Rep. Tom Cole (R-Okla.), chair of the House Appropriations Committee, said Wednesday that House Republicans will release their proposed top-line number for government funding for most of 2025 later this week. 

Cole said Wednesday afternoon that the powerful funding committee is aiming to release the top-line number, as well as the House GOP’s proposed allocations for the 12 annual government funding bills, sometime Thursday.  

The chairman said the figures will allow the committee to jump-start its government funding work for fiscal 2025 — which runs from October 2024 through September 2025 — as it seeks to follow a tight schedule to pass all 12 bills out of committee during the summer, despite a late start this year.  

“It will give us a place to start, and we’ll lay out a schedule,” Cole told The Hill, adding the goal “is to try to get all the bills done and out of committee by the August break.” 

Cole also said the committee could begin holding markups next week to consider the proposed allocations and other work.  

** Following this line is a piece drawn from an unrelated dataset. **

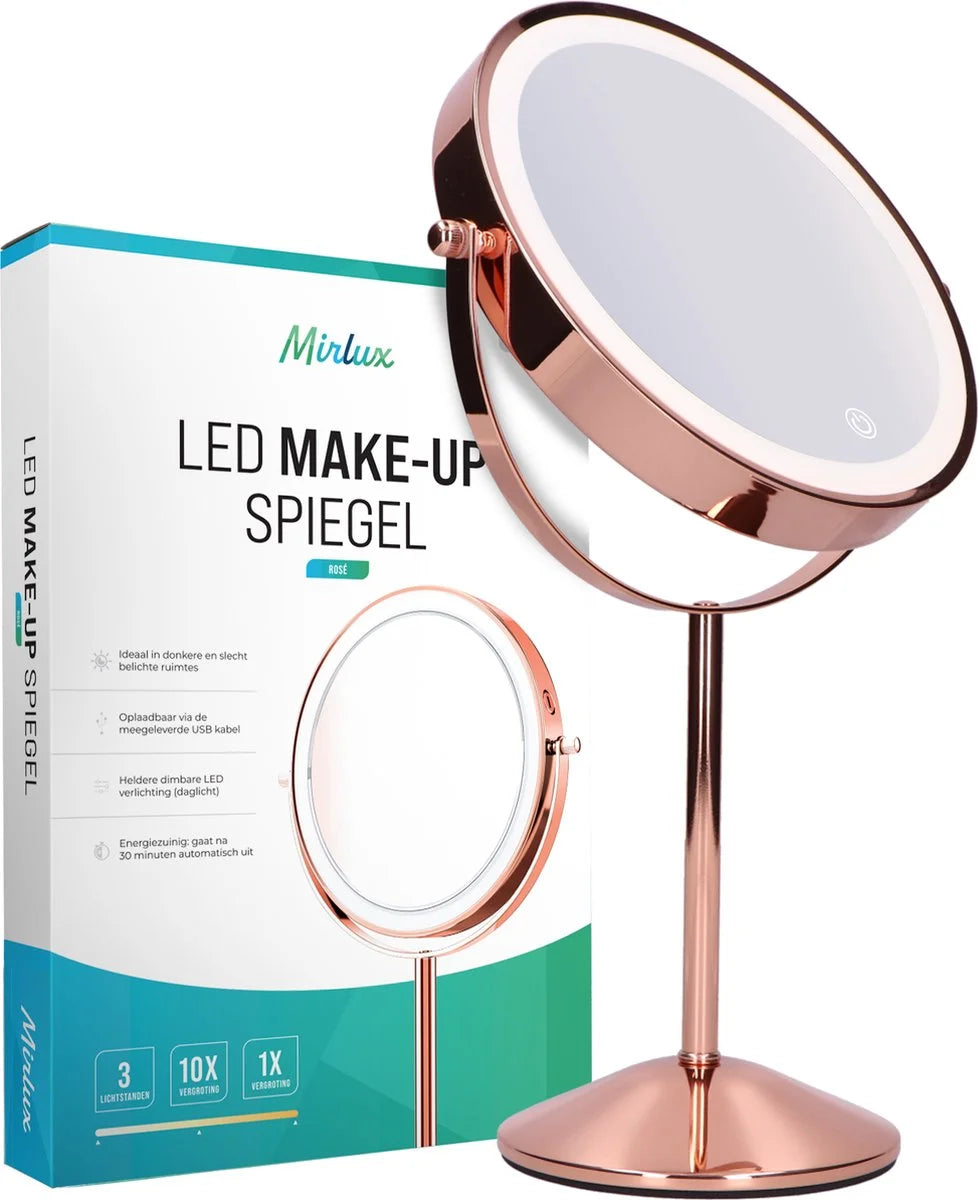 Makeupspejl - Genopladeligt - Rosé - 1-10x Forstørrelse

“We’re going to get at least one of these things done by the end of May, and then we have a very aggressive schedule coming up before the August break,” Cole said, adding that more information will come out Thursday.  

Congress has until late September — when current government funding is set to expire — to pass legislation to keep the lights on or risk a shutdown. 

However, Congress is expected to need a funding stopgap in September after finishing its fiscal 2024 funding work months behind schedule.